What is required
Produce word for word the lines of the data below running from the one that has "Indian Goddess" to the one that has "Men's Plus Size", inclusive, and no others.

Task data
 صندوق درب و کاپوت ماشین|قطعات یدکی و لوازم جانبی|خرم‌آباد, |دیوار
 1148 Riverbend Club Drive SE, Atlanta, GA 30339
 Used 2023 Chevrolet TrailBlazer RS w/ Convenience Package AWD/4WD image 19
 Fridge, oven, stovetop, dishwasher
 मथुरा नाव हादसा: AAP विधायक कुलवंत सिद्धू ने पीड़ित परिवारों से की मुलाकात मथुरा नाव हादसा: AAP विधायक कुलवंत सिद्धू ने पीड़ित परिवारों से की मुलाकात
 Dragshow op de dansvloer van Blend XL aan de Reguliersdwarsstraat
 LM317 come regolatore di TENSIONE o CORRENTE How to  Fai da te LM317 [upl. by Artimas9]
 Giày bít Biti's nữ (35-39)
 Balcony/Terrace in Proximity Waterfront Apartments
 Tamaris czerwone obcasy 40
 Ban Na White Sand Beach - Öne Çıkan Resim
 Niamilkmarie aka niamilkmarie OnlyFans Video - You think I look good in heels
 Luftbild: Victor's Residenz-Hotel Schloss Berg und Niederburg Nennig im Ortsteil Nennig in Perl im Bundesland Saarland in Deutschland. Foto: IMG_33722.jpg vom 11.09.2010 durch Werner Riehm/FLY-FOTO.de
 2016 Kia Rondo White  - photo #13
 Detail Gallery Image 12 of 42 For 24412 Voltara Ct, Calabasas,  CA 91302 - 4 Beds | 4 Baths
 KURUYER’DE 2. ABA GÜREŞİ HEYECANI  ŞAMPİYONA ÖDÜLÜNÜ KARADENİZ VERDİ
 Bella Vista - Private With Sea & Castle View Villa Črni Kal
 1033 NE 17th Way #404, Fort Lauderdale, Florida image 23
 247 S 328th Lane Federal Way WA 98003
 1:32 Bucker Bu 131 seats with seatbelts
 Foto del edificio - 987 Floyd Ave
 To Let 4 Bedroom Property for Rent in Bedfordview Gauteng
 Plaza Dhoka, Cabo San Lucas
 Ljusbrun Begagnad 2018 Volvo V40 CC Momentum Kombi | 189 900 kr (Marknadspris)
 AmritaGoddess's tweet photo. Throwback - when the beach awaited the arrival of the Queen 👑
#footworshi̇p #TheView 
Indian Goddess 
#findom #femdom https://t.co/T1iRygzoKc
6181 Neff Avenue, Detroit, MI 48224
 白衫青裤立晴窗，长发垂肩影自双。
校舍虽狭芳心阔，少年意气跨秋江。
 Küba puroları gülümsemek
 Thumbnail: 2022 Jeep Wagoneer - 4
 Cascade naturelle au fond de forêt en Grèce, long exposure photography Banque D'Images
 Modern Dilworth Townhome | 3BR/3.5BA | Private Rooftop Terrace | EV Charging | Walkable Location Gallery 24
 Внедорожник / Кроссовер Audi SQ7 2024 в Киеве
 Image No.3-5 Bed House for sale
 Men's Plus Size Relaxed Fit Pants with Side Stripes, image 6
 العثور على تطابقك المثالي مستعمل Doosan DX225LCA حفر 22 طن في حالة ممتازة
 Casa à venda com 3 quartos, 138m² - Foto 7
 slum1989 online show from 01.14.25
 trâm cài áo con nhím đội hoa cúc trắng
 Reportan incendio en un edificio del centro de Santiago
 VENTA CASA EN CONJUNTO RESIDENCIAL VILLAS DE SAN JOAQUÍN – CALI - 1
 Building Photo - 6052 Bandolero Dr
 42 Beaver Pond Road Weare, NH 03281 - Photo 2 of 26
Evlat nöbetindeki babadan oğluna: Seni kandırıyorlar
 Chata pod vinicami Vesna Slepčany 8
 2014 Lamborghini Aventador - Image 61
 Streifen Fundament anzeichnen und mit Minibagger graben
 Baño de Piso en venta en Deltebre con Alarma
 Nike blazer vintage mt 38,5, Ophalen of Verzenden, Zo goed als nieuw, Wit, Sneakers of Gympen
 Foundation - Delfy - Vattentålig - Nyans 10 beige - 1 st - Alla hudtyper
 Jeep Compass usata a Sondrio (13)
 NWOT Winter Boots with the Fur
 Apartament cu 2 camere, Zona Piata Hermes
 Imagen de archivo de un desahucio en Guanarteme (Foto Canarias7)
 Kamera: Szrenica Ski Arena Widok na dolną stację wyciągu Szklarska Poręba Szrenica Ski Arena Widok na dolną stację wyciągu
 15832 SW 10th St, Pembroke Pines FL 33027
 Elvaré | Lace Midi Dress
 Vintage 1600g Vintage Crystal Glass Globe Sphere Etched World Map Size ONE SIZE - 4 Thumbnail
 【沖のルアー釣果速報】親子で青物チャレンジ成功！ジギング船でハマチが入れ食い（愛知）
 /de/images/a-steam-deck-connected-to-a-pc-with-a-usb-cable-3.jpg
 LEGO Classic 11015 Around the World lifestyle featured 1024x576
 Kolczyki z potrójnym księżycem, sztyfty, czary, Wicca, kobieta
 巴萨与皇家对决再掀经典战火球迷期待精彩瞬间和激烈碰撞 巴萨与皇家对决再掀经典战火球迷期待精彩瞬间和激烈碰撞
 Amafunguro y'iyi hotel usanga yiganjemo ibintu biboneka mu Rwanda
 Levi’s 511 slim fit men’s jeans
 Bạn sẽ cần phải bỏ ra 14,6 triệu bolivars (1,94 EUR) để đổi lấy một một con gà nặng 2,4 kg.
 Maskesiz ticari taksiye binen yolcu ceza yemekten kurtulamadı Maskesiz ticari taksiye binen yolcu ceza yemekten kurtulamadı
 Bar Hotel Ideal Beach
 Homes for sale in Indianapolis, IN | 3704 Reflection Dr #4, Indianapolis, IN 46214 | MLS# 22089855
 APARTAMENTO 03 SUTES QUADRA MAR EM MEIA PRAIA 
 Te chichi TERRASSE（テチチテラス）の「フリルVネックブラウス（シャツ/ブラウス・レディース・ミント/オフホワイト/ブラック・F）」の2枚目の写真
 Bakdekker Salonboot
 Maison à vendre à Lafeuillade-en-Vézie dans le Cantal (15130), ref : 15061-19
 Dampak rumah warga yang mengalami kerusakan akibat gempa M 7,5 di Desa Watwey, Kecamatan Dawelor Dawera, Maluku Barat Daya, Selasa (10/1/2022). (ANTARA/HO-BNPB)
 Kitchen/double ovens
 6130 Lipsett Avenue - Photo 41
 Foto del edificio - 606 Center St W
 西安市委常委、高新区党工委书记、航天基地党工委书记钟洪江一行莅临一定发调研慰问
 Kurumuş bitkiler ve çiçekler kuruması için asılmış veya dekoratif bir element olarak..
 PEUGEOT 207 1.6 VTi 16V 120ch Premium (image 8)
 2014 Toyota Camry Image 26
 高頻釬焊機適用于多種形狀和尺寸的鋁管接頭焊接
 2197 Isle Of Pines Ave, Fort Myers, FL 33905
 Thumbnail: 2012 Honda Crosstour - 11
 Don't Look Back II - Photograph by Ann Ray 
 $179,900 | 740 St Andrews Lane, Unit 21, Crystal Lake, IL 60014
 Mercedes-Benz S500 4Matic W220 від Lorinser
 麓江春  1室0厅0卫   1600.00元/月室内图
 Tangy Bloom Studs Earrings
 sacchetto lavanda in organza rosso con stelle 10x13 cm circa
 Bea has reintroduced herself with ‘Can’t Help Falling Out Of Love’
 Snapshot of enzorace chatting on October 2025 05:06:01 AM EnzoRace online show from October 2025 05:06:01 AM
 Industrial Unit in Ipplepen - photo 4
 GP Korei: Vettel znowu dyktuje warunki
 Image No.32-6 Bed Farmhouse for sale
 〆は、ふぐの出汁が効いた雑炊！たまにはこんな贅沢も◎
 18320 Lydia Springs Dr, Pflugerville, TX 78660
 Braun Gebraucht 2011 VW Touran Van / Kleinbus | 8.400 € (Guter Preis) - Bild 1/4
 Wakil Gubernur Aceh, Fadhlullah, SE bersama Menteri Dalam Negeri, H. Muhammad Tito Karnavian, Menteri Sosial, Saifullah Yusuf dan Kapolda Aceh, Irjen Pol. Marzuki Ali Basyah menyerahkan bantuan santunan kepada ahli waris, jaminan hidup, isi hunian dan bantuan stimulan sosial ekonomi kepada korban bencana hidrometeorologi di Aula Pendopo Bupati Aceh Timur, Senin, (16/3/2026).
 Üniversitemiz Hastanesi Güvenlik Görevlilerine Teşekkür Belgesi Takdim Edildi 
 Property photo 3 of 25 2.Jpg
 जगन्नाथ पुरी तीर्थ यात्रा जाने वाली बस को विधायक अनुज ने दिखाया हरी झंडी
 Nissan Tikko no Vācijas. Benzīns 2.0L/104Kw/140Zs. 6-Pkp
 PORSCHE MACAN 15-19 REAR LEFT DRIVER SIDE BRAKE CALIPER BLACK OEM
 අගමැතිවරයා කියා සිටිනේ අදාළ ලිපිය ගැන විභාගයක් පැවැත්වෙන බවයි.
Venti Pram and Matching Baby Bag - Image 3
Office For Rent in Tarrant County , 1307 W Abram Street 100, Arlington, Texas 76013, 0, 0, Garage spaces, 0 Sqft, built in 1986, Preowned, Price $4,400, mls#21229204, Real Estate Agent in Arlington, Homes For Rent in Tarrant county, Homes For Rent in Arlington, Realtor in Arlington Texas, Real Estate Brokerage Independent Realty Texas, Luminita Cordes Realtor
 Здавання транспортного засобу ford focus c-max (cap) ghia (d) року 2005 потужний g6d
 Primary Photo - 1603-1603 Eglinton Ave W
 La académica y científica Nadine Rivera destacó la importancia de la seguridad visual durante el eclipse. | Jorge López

Written answer
Indian Goddess 
#findom #femdom https://t.co/T1iRygzoKc
6181 Neff Avenue, Detroit, MI 48224
 白衫青裤立晴窗，长发垂肩影自双。
校舍虽狭芳心阔，少年意气跨秋江。
 Küba puroları gülümsemek
 Thumbnail: 2022 Jeep Wagoneer - 4
 Cascade naturelle au fond de forêt en Grèce, long exposure photography Banque D'Images
 Modern Dilworth Townhome | 3BR/3.5BA | Private Rooftop Terrace | EV Charging | Walkable Location Gallery 24
 Внедорожник / Кроссовер Audi SQ7 2024 в Киеве
 Image No.3-5 Bed House for sale
 Men's Plus Size Relaxed Fit Pants with Side Stripes, image 6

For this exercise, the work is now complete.